[Exercise instructions] Could you return every record below word for word, leaving out the pictures?

[Working data]
════════
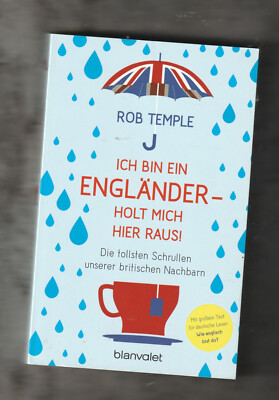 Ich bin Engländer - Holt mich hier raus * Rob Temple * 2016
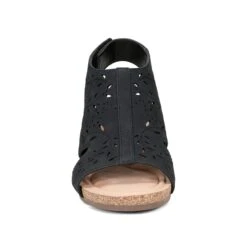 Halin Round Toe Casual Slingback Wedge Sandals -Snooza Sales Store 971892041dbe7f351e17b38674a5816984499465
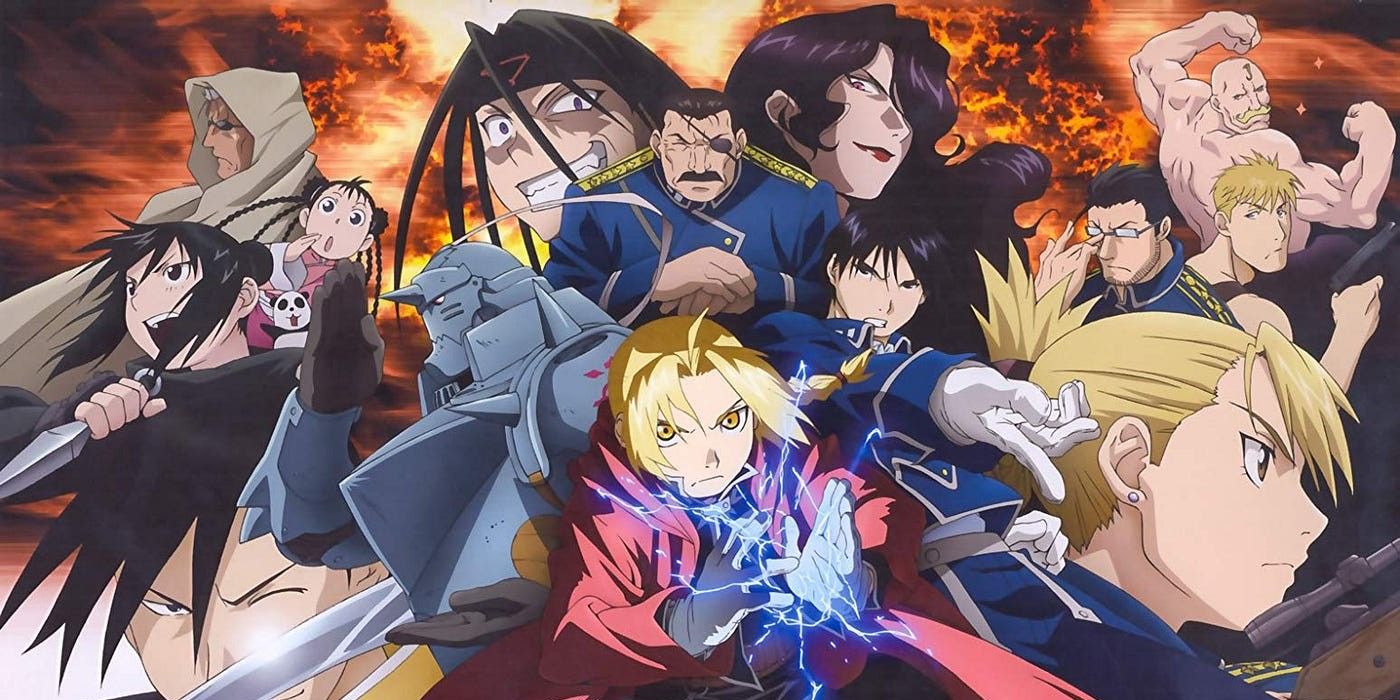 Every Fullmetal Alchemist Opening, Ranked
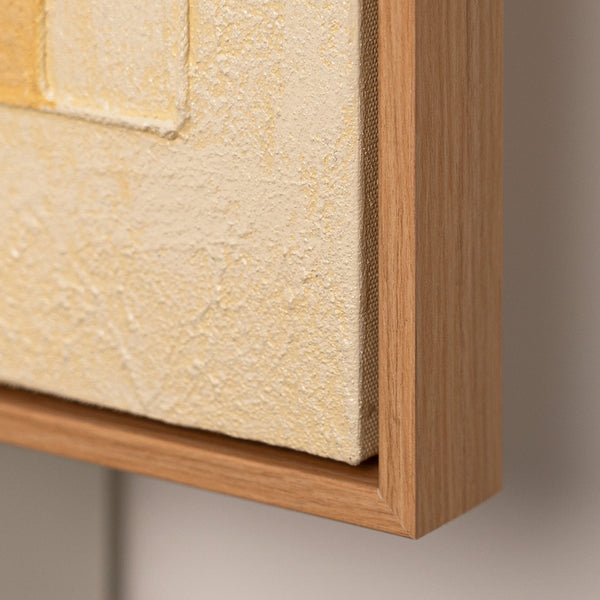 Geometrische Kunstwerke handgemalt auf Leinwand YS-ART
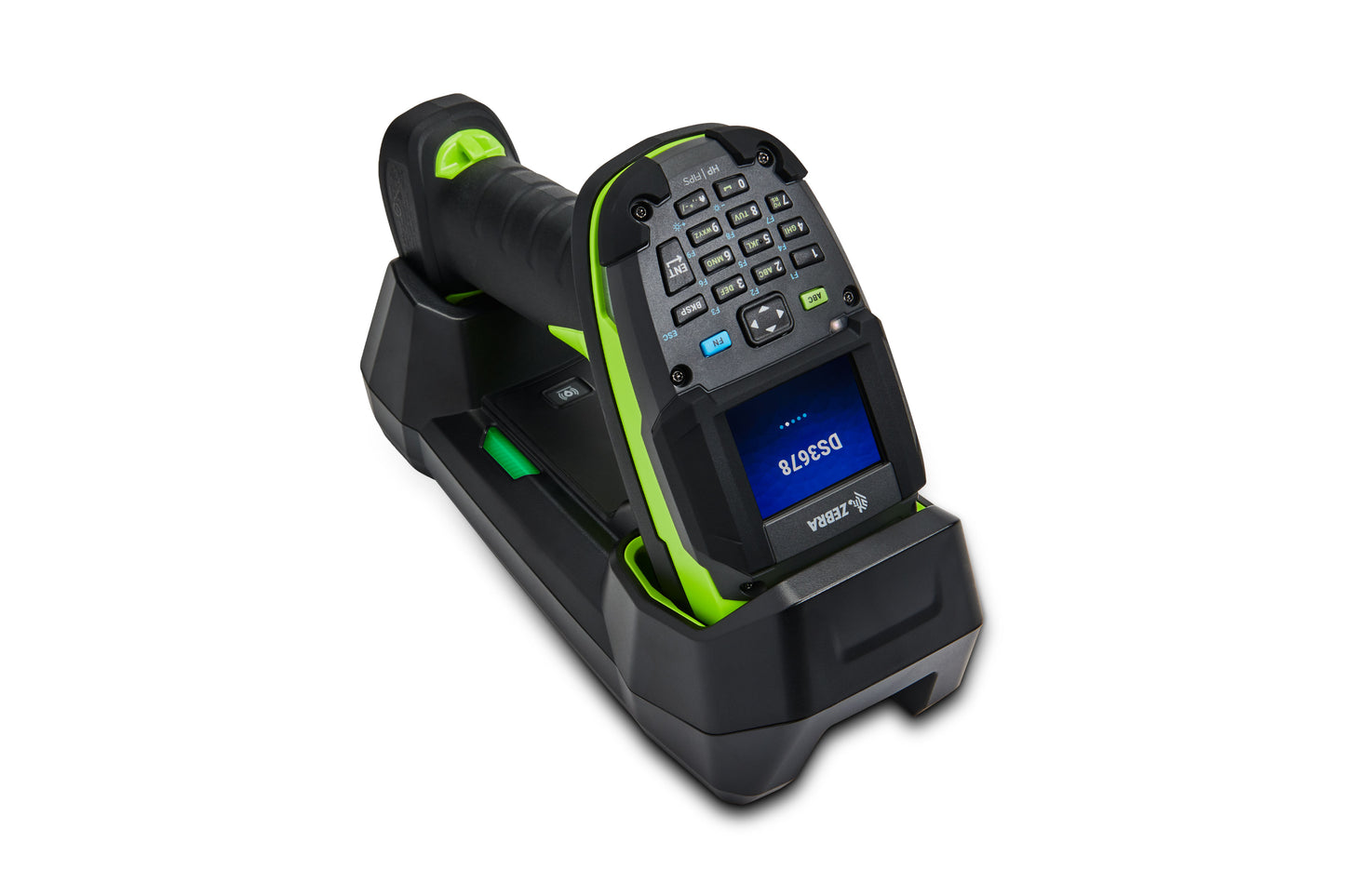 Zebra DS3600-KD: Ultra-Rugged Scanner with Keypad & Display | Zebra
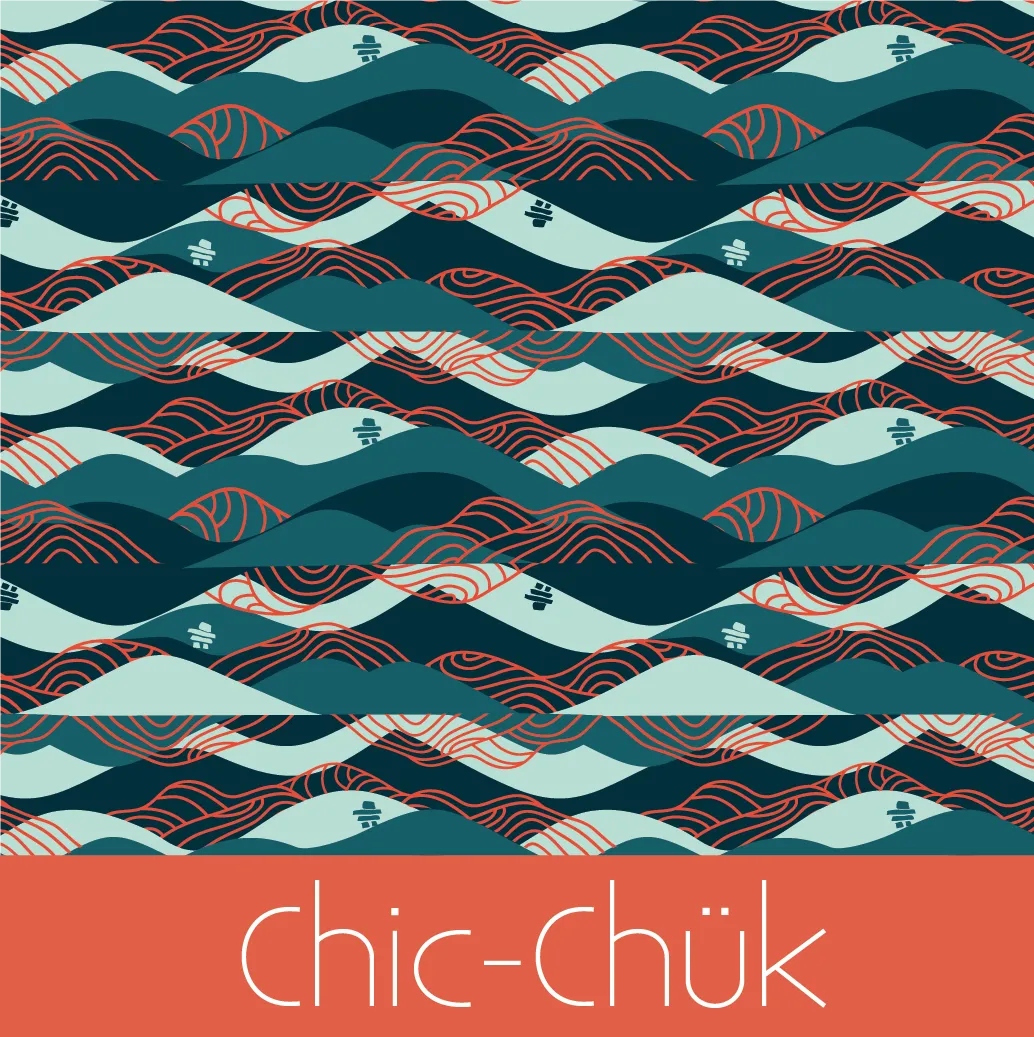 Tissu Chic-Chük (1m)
════════
[Written response]
 Ich bin Engländer - Holt mich hier raus * Rob Temple * 2016
 Halin Round Toe Casual Slingback Wedge Sandals -Snooza Sales Store 971892041dbe7f351e17b38674a5816984499465
 Every Fullmetal Alchemist Opening, Ranked
 Geometrische Kunstwerke handgemalt auf Leinwand YS-ART
 Zebra DS3600-KD: Ultra-Rugged Scanner with Keypad & Display | Zebra
 Tissu Chic-Chük (1m)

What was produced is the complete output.